### EXERCISE DESCRIPTION
Reproduce the material below line by line, beginning with its first line and ending with the line that contains "Programmkick Gepäckanhänger (Vorderseite"; leave out pictures.

### EXERCISE DATA
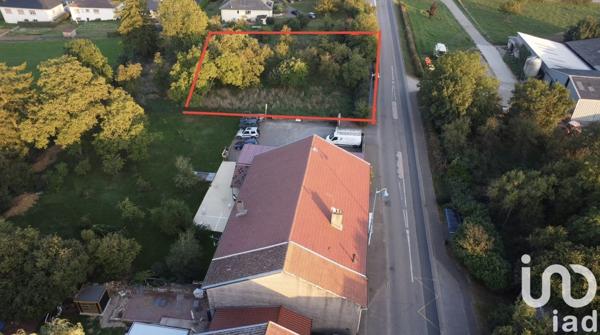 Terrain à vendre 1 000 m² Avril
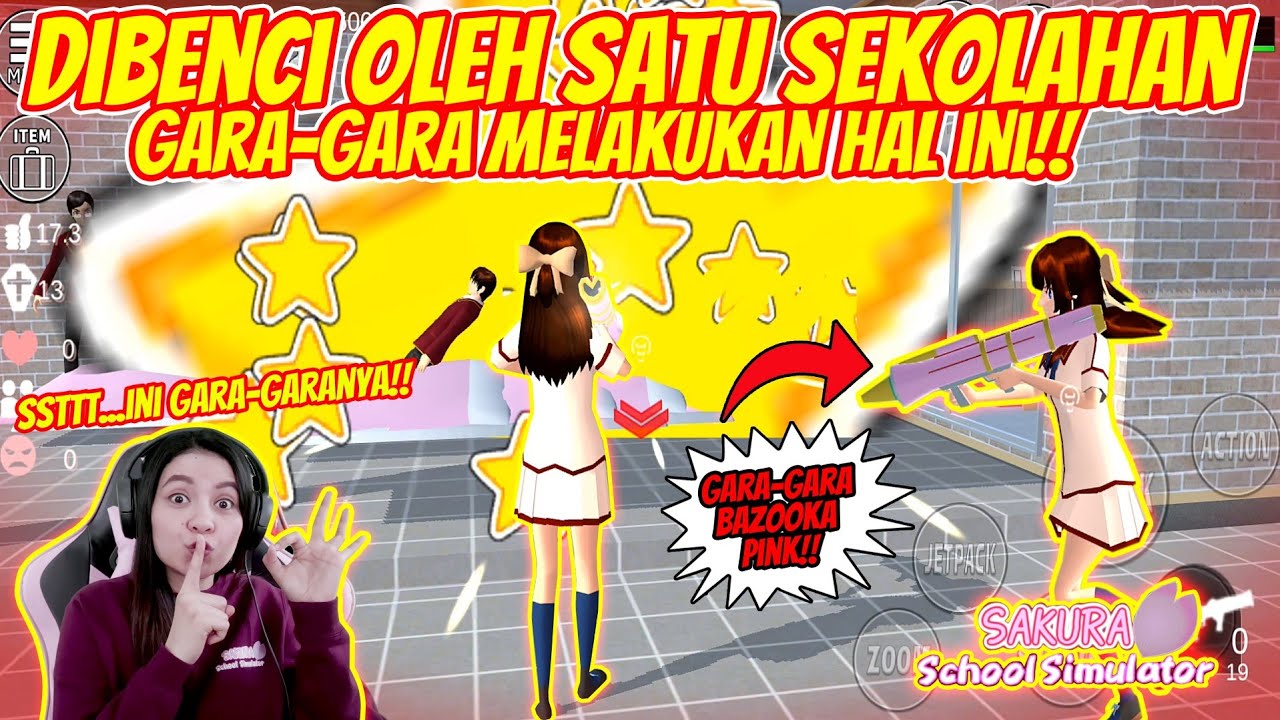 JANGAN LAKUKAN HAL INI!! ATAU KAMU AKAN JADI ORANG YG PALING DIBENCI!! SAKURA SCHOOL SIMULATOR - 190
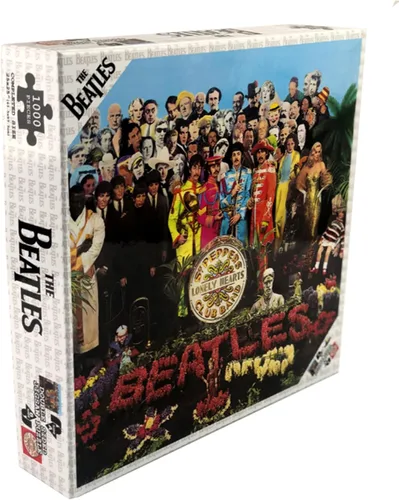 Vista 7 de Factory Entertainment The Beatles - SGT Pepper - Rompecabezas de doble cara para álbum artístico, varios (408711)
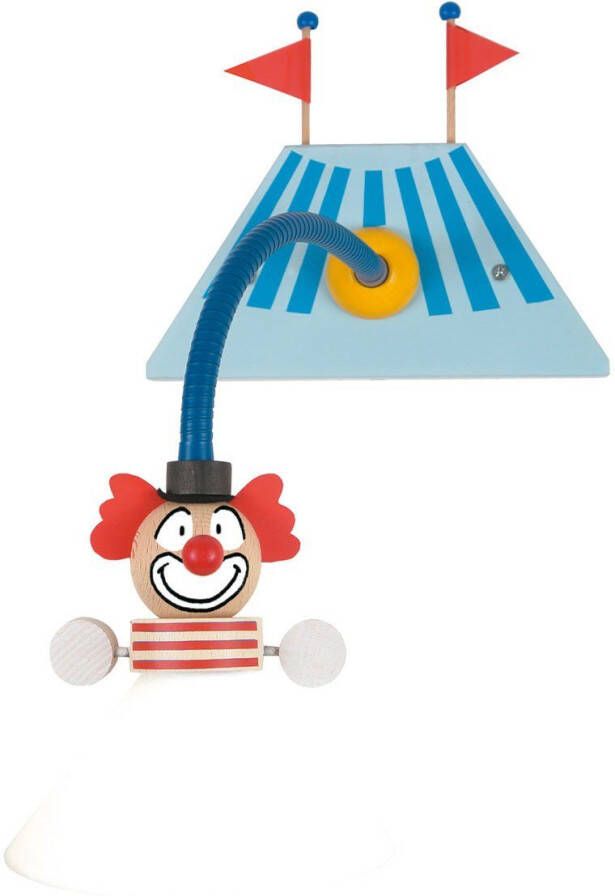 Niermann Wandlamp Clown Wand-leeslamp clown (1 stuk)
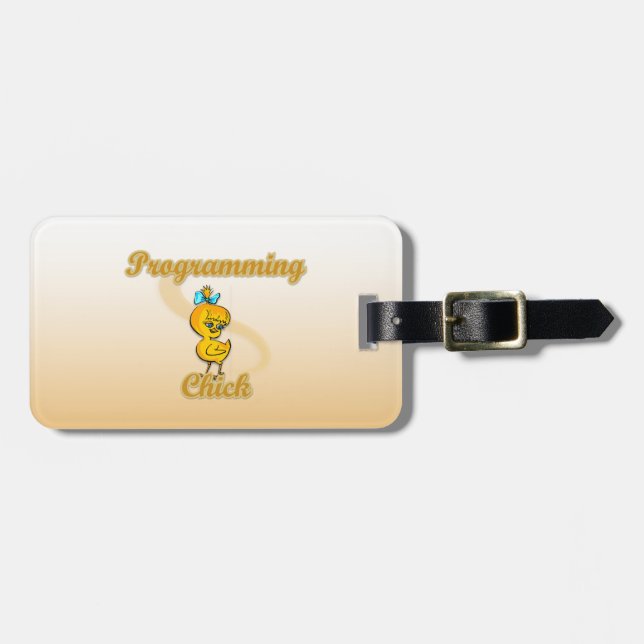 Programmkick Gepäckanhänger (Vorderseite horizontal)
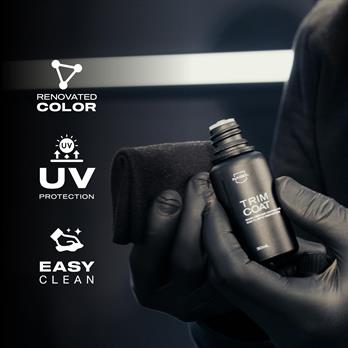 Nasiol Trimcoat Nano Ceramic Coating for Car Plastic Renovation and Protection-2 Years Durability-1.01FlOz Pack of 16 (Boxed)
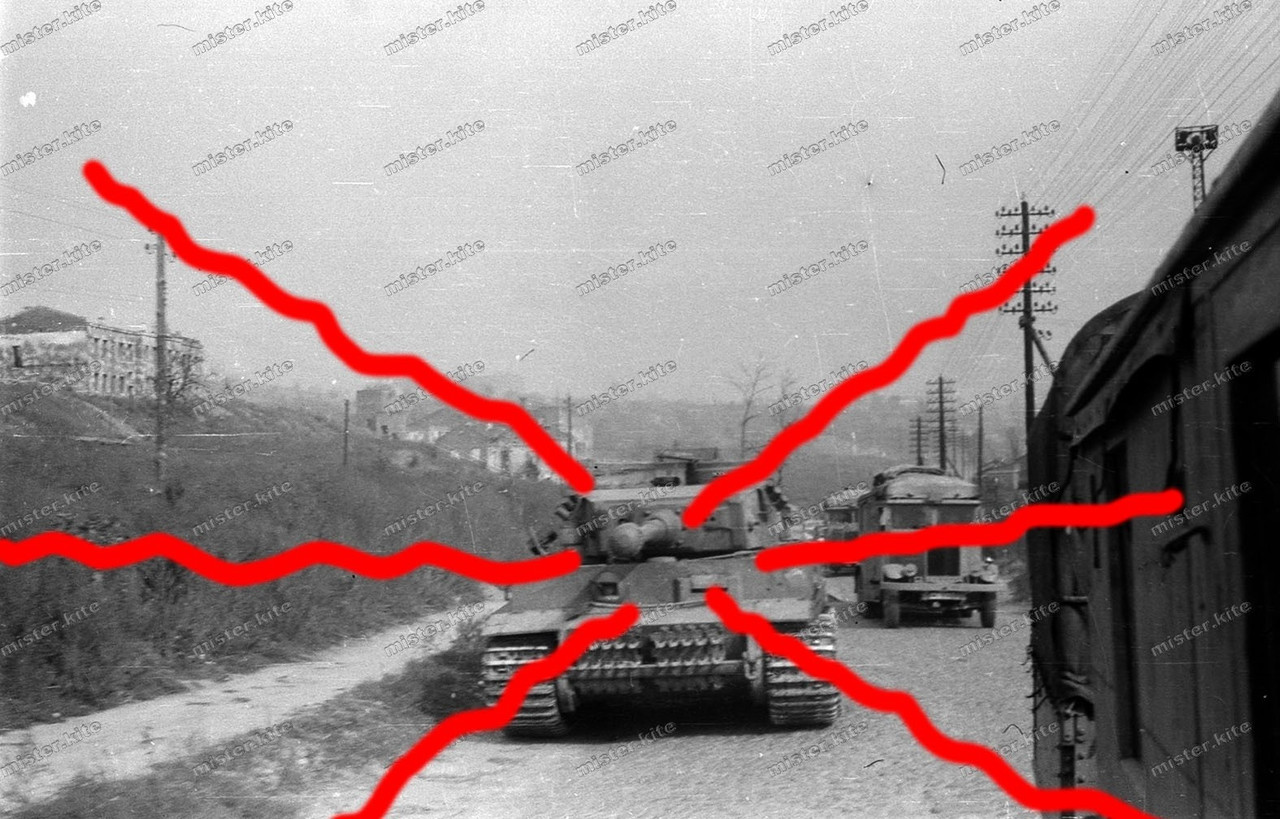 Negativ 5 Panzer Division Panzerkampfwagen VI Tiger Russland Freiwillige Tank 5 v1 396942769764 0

### TASK RESPONSE
 Terrain à vendre 1 000 m² Avril
 JANGAN LAKUKAN HAL INI!! ATAU KAMU AKAN JADI ORANG YG PALING DIBENCI!! SAKURA SCHOOL SIMULATOR - 190
 Vista 7 de Factory Entertainment The Beatles - SGT Pepper - Rompecabezas de doble cara para álbum artístico, varios (408711)
 Niermann Wandlamp Clown Wand-leeslamp clown (1 stuk)
 Programmkick Gepäckanhänger (Vorderseite horizontal)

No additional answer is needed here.